Hello everyone! I am a tad confused....it is 14 dpo for me and - HPT and no AF...temp is still very high..(it usually drops at 12 dpo until 14 then I get AF)..so what do you all think??? Symptoms are now sore boobs (they were always big but now sore), nausea, dizzy, have had a stuffy nose and sore throat on and off, blah, blah, blah...frustrated!! Any thoughts would be appreciated!!!! I need re-assurance!! hehe! I have never been late even last month on my first round of clomid...cycle like clockwork!! Thanks everyone in advance! Now that I posted this, AF will be here tomorrow...my luck! :hugs: to everyone!


----------



## optimistic13

Hi all think about to start clomid after 2 years of metformin, reg cycles and ovulation... 
a little apprehensive??!!!

lots of baby dust to all


----------



## wannabemumma8

optimistic13 said:


> Hi all think about to start clomid after 2 years of metformin, reg cycles and ovulation...
> a little apprehensive??!!!
> 
> lots of baby dust to all

Hi ... How many DPO are you now? 
I too started first cycle of clomid 150 mg in feb and got trigger shot on CD14 and we had intercourse on CD 13, CD 14, CD 16 CD 17. On CD 16 my 24mm follicle was already ruptured as per my u/s. So i assume i ovulated on either CD 15 Or CD 16 morning.Not much of symptoms though but yeah i am too moody and make an issue of all small things which os not me. Next my eyes really dry, i feel th dryness even closed donno if its medicines as i hv been put on follic acid and progesterone suppliments from CD 16 onwards. Another different thing i amd drooling during my after noon nap which is very different to me.I am on 16 dpo now and no periods, took the hpt yesyerday night out of anxiety ... it was clear negative nt even any faint lines. But yeah i am getting somewhat near to menstrual cramps since yesterday on/off.
Today I just ate small piece or carrot, it later i felt my gums were hurt. I am surprised as to why?
Again when I pee [Sorry TMI] i see lots of bubbles in my pee like as if its mixed with dish wash soap.

I am not sure ideally when shall I take the test? If I ovulated on CD 16 then I should have got my period by today, but the cramps seems to have gone by now. 

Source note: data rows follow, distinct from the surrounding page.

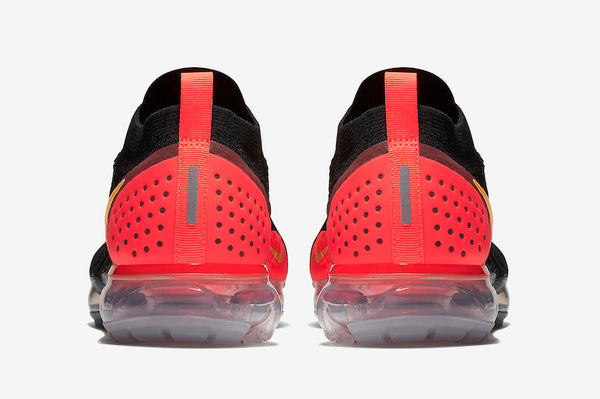 Air VaporMax Flyknit 2 Laser Orange Shoes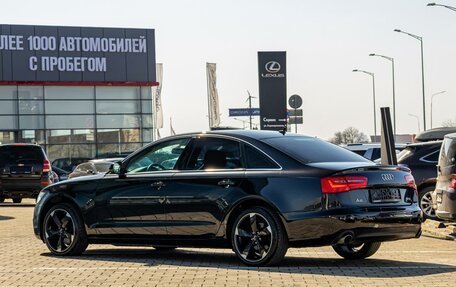 Audi A6, 2013 год, 1 495 000 рублей, 4 фотография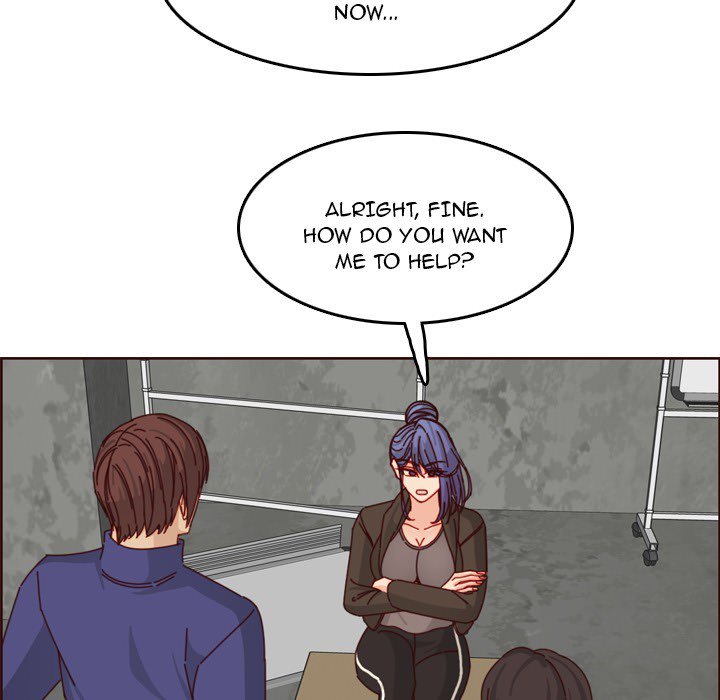 Never Too Late Chapter 76 Page 81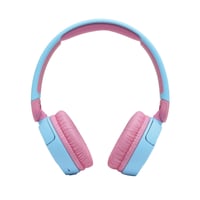 Detské Bluetooth slúchadlá JBL Jr310 BT s mikrofónom, 30-hodinová výdrž batérie, ľahký skladací dizajn, modré 5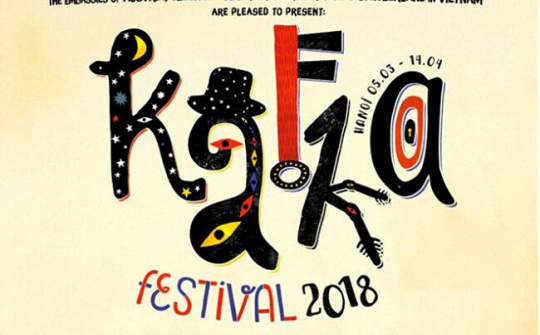 Kafka Festival lần đầu tiên tổ chức tại Việt Nam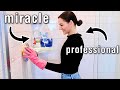 Here&#39;s how to *REALLY* use the Miracle Shower Cleaner! (Dollar Tree Hack)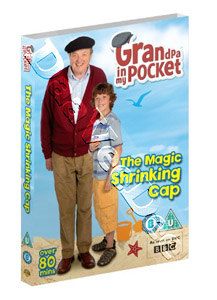 Grandpa In My Pocket: The Magic Shrinking Cap (DVD)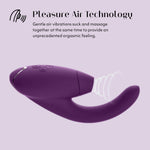 Insideout Dual Stimulation Clitoris Sucker & Lovehoney Enjoy Water Based Lube 8.4Fl Oz - Male Sex Toys Bundle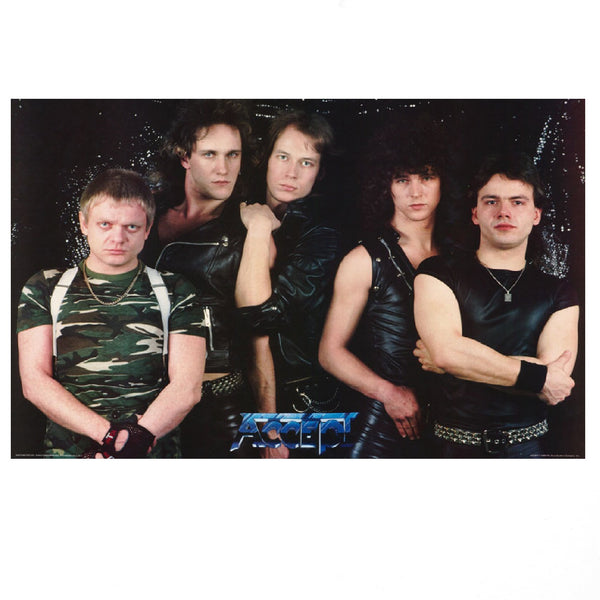 Accept "Vintage Group Photo" Poster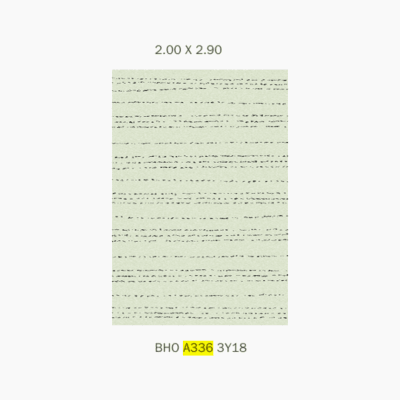 Alfombra Boho Cream 290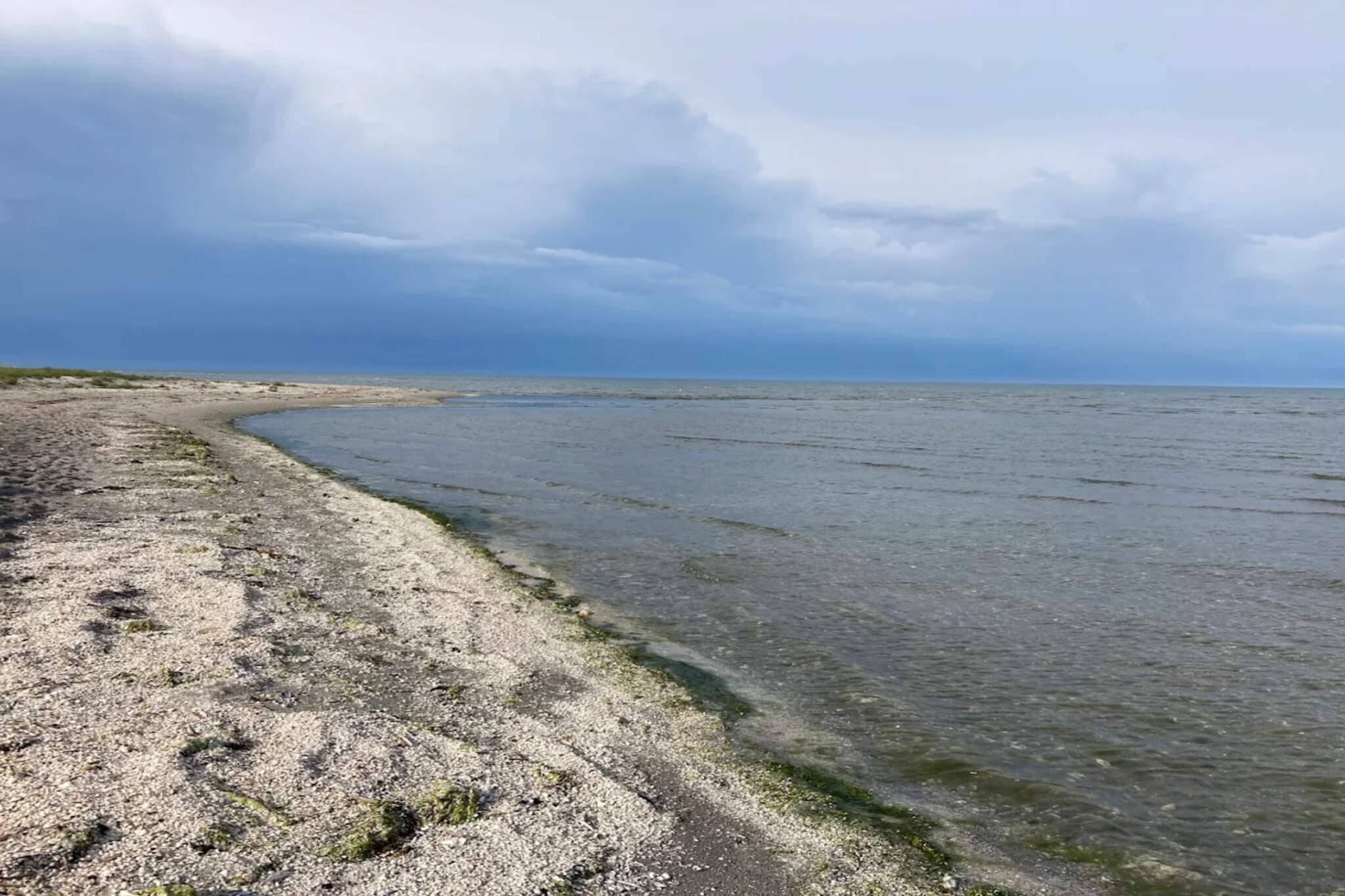 Kustsereniteit in Lyngsa-By Traum-Waterzicht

I don't know whats happening?


----------



## faither2003

Well just as I thought..my temp dropped way down this morning so will be getting AF today or tomorrow but want to wish everyone sticky baby dust!! Onto 3rd cycle of clomid for me... :hugs: to everyone!!!


----------



## lilrojo

Sorry to hear faither... im on round 2.. started it last night.. 100 mgs days 3-7.. :) 

Good luck to you :)


----------



## tundralife2

Ah Faither!! So sorry to hear that but she hasn't showed just yet!!


----------



## faither2003

I was also thinking of doing my clomid on 3-7...these last 2 cycles I have done the 5-9...100 mg....wonder what my dr. will do..I did ovualte great on my own but because of my age and the chemical pregnancy, he thinks my eggs need a little bit more maturing...so we will see...thanks everyone for listening, it is hard to find someone that understands what we are going through..now a days when I even mention it people just say 'maybe if you relax it will happen'....i am relaxed but it is nice to be able to talk about it without people getting the 'eye roll' going! will bop in once in a while and check on you all! :hugs:


----------



## tundralife2

faither2003 said:


> I was also thinking of doing my clomid on 3-7...these last 2 cycles I have done the 5-9...100 mg....wonder what my dr. will do..I did ovualte great on my own but because of my age and the chemical pregnancy, he thinks my eggs need a little bit more maturing...so we will see...thanks everyone for listening, it is hard to find someone that understands what we are going through..now a days when I even mention it people just say 'maybe if you relax it will happen'....i am relaxed but it is nice to be able to talk about it without people getting the 'eye roll' going! will bop in once in a while and check on you all! :hugs:

that's what i did. i was taking 5-9 at 100 mg for 2 cycles. I just decided on my own to start mine on 3-7 just to see. i heard that it produces more follies but the 5-9 makes them mature better but have also read mixed threads where people have conceived on both schedules. I am worried about my age too 40 isn't old but the eggs don't think so lol


----------



## lilrojo

I get that Faither.. i hear you need to relax all the time.. annoying.. :/

I asked my dr if it would help me to o earlier cuz i didnt o till cd 22 last month.. on 50 days 5-9... so im hopefull to o earlier.. 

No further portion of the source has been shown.